Auxin research touches on a very wide variety of processes in plant development, and
correspondingly a range of systems and approaches is revealing new understanding.
This special issue spans this range, from research on mosses and liverworts which
is revealing evolutionary aspects to the exquisite detail of signalling processes
shown in Arabidopsis and agronomic potential in crops. As well as compiling and analyzing
our current knowledge on auxin action, the reviews also provide a roadmap for future
research.
Since its discovery nearly a century ago (Thimann and Koepfli, 1935), auxin has risen
to prominence as a plant signalling molecule, inspiring many to study its secrets.
Past decades have seen a number of breakthroughs in the identification of a deceptively
simple transcriptional response pathway (Weijers and Wagner, 2016), as well as cellular
and molecular mechanisms of directional auxin transport (Adamowski and Friml, 2015),
synthesis and inactivation (Korasick et al., 2013). At the same time, auxin action
has been reported in most, if not all, growth and developmental processes (Weijers
and Wagner, 2016), in interactions with other hormonal signalling pathways (Vert and
Chory, 2011), and even in the interaction with beneficial or pathogenic microorganisms
and viruses (Boivin et al., 2016). In fact, it is difficult to describe any plant
process without some direct or indirect reference to auxin.

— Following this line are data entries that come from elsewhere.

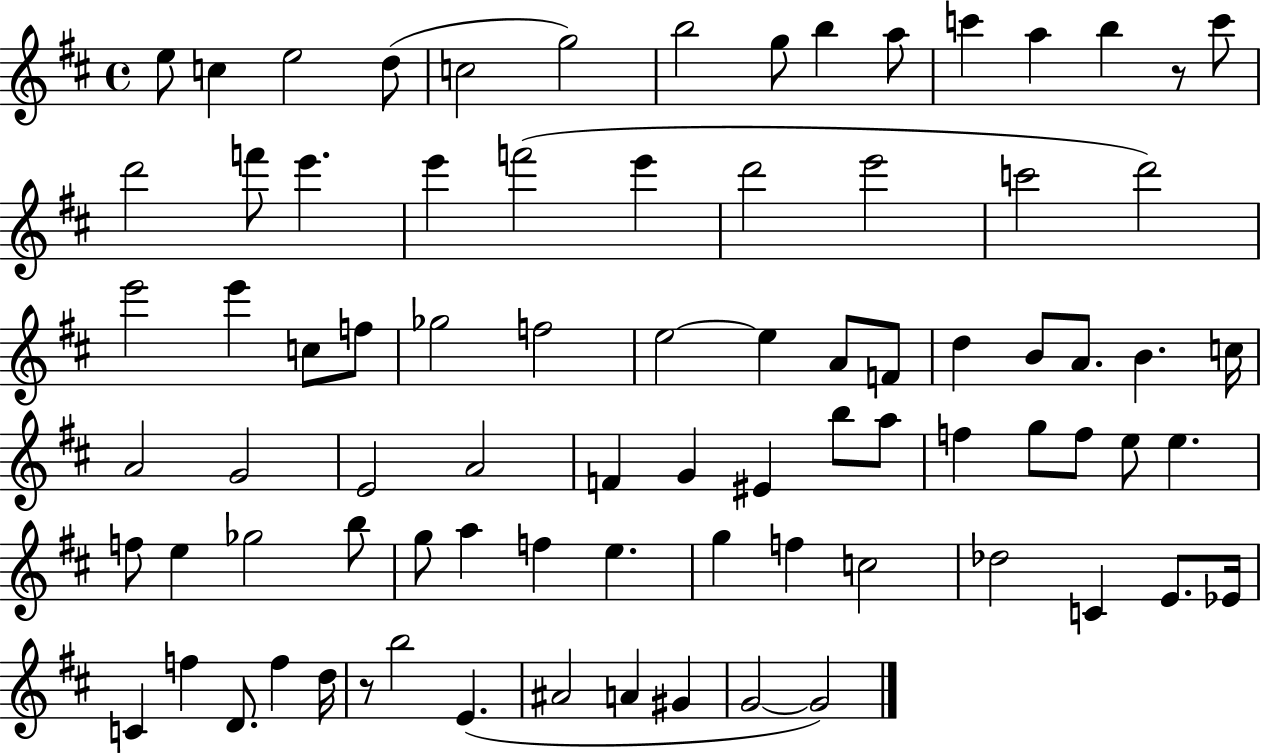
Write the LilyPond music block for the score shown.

{
  \clef treble
  \time 4/4
  \defaultTimeSignature
  \key d \major
  e''8 c''4 e''2 d''8( | c''2 g''2) | b''2 g''8 b''4 a''8 | c'''4 a''4 b''4 r8 c'''8 | \break d'''2 f'''8 e'''4. | e'''4 f'''2( e'''4 | d'''2 e'''2 | c'''2 d'''2) | \break e'''2 e'''4 c''8 f''8 | ges''2 f''2 | e''2~~ e''4 a'8 f'8 | d''4 b'8 a'8. b'4. c''16 | \break a'2 g'2 | e'2 a'2 | f'4 g'4 eis'4 b''8 a''8 | f''4 g''8 f''8 e''8 e''4. | \break f''8 e''4 ges''2 b''8 | g''8 a''4 f''4 e''4. | g''4 f''4 c''2 | des''2 c'4 e'8. ees'16 | \break c'4 f''4 d'8. f''4 d''16 | r8 b''2 e'4.( | ais'2 a'4 gis'4 | g'2~~ g'2) | \break \bar "|."
}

The set of papers in this
issue reflects this breadth of auxin research, and provides in-depth reviews in a
wide range of aspects of auxin biology. While some of these represent ‘classical’
aspects of auxin action, others discuss recent progress in areas where the involvement
of auxin has not yet been characterized in detail.
Auxin maxima and cell growth
Arsuffi and Braybrook (2018) review research on one of the earliest, classical physiological
responses to auxin: cell wall acidification leads to altered growth. This response
has been studied for decades, initially using various physiological assays, which
led to the formulation of a simple model. This model has seen many changes over the
decades, mostly through genetic analysis of the auxin response. The authors bring
together original ideas with recent exciting findings to propose a more complex scheme
of cell wall acidification, and also highlight a number of outstanding questions.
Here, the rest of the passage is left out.